An opposition candidate in the next general elections has echoed the Bible prophet, Jeremiah, saying that her New Democratic Party has plans to prosper the people of St. Vincent and the Grenadines.
“Jeremiah 29:11 says, ‘For I know the plans I have for you, declares the Lord. Plans to prosper you. Plans to give you hope and a future. That is the NDP word for you,” Senator Kay Bacchus-Baptiste told a virtual meeting broadcast on social media and radio Tuesday night.
“That is the NDP word for you, the people of St. Vincent and the Grenadines, in the voice of the prophet Jeremiah: plans to prosper you, plans to give you hope,” the first-time candidate told the meeting focused on voters in West St. George, which she is hoping to wrest from the ruling Unity Labour Party.
The ULP has been representing West St. George since 1998, when it also captured the majority vote nationally.
Bacchus-Baptiste, a lawyer, said:
“We bring you a message of hope. This is not lightly said. This is our vow; this is our commitment to you – The NDP’s commitment to you.

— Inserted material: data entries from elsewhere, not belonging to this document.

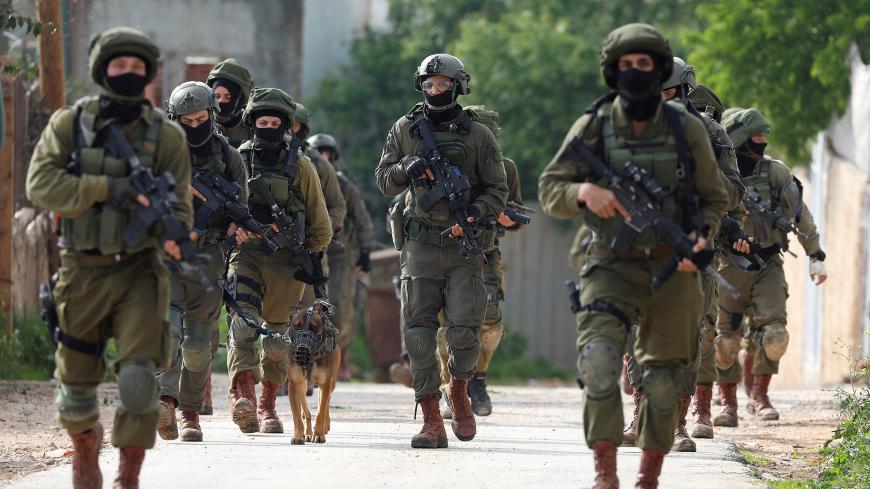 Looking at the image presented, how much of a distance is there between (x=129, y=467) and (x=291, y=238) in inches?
135

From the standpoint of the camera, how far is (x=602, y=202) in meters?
7.58

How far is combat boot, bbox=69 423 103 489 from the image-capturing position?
752 cm

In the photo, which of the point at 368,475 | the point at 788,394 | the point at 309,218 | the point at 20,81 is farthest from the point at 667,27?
the point at 368,475

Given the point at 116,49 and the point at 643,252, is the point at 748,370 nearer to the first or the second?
the point at 643,252

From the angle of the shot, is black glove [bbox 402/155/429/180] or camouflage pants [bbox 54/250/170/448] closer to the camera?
camouflage pants [bbox 54/250/170/448]

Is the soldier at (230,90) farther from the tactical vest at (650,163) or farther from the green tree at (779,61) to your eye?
the green tree at (779,61)

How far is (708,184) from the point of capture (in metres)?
7.81

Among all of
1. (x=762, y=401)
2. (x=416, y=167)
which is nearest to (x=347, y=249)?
(x=762, y=401)

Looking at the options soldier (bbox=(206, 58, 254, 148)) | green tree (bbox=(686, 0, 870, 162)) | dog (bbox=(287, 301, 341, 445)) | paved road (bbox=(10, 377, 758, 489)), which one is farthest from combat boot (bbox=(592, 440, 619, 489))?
green tree (bbox=(686, 0, 870, 162))

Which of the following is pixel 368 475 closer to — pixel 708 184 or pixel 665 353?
pixel 665 353

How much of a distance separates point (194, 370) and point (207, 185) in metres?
1.11

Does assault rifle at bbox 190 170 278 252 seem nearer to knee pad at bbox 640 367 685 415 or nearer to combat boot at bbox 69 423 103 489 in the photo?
combat boot at bbox 69 423 103 489

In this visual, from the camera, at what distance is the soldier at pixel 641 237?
7.66m

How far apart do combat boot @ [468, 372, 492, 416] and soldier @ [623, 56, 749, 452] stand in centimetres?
217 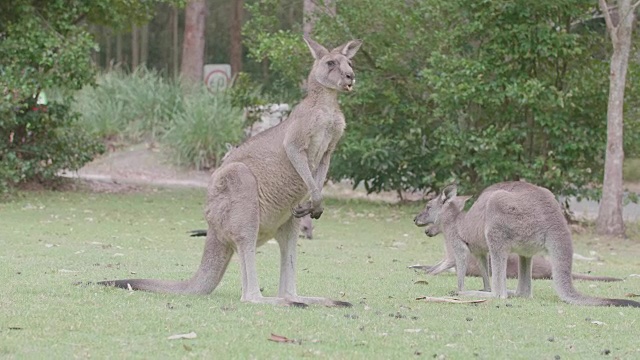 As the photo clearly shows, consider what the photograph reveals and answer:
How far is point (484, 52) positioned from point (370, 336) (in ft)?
30.6

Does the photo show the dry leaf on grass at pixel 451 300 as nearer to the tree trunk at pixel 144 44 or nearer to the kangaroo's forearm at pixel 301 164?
the kangaroo's forearm at pixel 301 164

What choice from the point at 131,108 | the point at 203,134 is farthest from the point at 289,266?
the point at 131,108

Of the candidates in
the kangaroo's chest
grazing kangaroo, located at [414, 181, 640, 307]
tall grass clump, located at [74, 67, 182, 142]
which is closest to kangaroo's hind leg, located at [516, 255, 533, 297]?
grazing kangaroo, located at [414, 181, 640, 307]

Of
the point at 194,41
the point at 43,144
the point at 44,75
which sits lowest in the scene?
the point at 43,144

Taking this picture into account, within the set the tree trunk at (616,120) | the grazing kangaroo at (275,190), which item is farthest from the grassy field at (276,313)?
the tree trunk at (616,120)

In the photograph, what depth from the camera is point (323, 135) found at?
7211 mm

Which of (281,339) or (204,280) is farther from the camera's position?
(204,280)

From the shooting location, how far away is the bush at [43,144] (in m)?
15.9

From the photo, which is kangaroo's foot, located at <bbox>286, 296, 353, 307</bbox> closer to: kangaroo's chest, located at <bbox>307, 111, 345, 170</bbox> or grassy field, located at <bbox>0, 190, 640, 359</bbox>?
grassy field, located at <bbox>0, 190, 640, 359</bbox>

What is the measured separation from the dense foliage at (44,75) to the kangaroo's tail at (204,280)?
8.23 meters

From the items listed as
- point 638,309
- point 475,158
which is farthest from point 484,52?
point 638,309

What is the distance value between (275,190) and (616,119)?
757 cm

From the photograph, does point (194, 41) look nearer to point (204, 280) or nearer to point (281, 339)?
point (204, 280)

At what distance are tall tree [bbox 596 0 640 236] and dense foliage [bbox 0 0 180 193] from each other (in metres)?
6.96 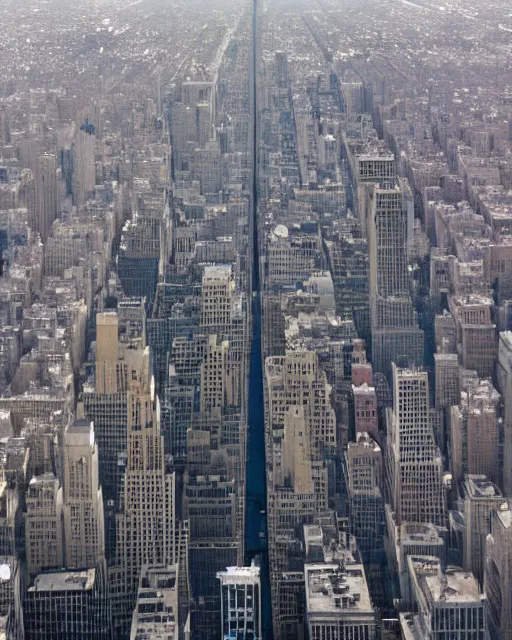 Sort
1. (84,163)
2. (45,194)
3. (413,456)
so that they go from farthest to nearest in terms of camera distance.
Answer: (84,163)
(45,194)
(413,456)

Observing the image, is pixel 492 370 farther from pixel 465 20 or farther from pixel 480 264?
pixel 465 20

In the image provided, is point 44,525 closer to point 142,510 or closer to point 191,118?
point 142,510

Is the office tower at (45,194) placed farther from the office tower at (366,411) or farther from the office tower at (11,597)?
the office tower at (11,597)

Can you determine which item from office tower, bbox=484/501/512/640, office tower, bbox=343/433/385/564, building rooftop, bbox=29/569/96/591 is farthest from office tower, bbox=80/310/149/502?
office tower, bbox=484/501/512/640

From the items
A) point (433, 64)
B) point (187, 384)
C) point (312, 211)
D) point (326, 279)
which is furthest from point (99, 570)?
point (433, 64)

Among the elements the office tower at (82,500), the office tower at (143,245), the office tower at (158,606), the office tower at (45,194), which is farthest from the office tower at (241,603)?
the office tower at (45,194)

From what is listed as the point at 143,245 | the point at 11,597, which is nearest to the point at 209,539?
the point at 11,597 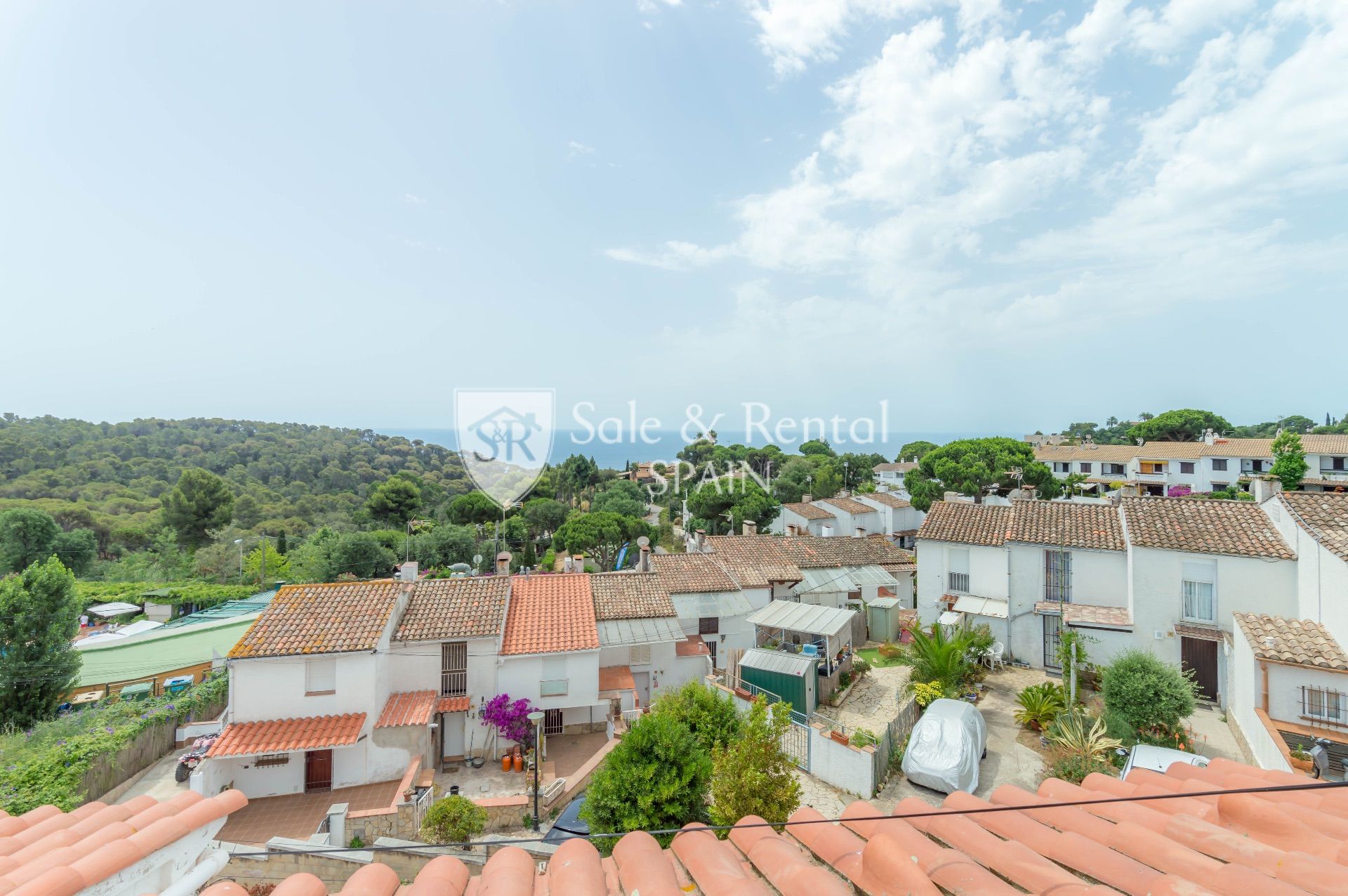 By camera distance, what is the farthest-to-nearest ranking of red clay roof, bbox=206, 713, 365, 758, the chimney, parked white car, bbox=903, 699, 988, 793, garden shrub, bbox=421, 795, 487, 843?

“All our speakers tell you, my dear people, we are in this because we care. We hurt when you cannot pay your bills. We hurt when you have no proper medical attention. We hurt when you are oppressed and depressed and fearful.
“So our message to you tonight, my dear people, you are no longer a slave to fear. No longer a slave to fear. Declare it! Affirm it! Believe it! Because your liberation is now. So vote Kay all the way, my people. All the way, vote Kay to bring you hope. And as I say to you, H. O. P. E. — Help Our People Excel,” Bacchus-Baptiste said.
Bacchus-Baptiste said that during her canvassing, she engages constituents, especially the youth.
She said she asks questions such as “What is it you want?” “What do you want to see?” “What do you want for yourself and your family?”
“Some of them say they feel a sense of despair, a sense of hopelessness, that nobody cares,” Bacchus-Baptiste said.
“One young person from Bom Bom said to me, ‘They believe that you don’t have value and integrity.’ They must believe that when they think they could only wine and dine and dance them around election time to get a vote, when they could take people’s money and buy galvanize and lumber and give them away, but we have values too; what we want is more jobs.”
The candidate said that a constituent told her they want politicians “who can feel the poverty of the people who can feed their need…not just talk about it”
“He said, ‘When I listened to you, I understand that you feel our need, you feel. It is sincere.’ And I tapped him and I said, ‘Yes, my boy. That is absolutely true.”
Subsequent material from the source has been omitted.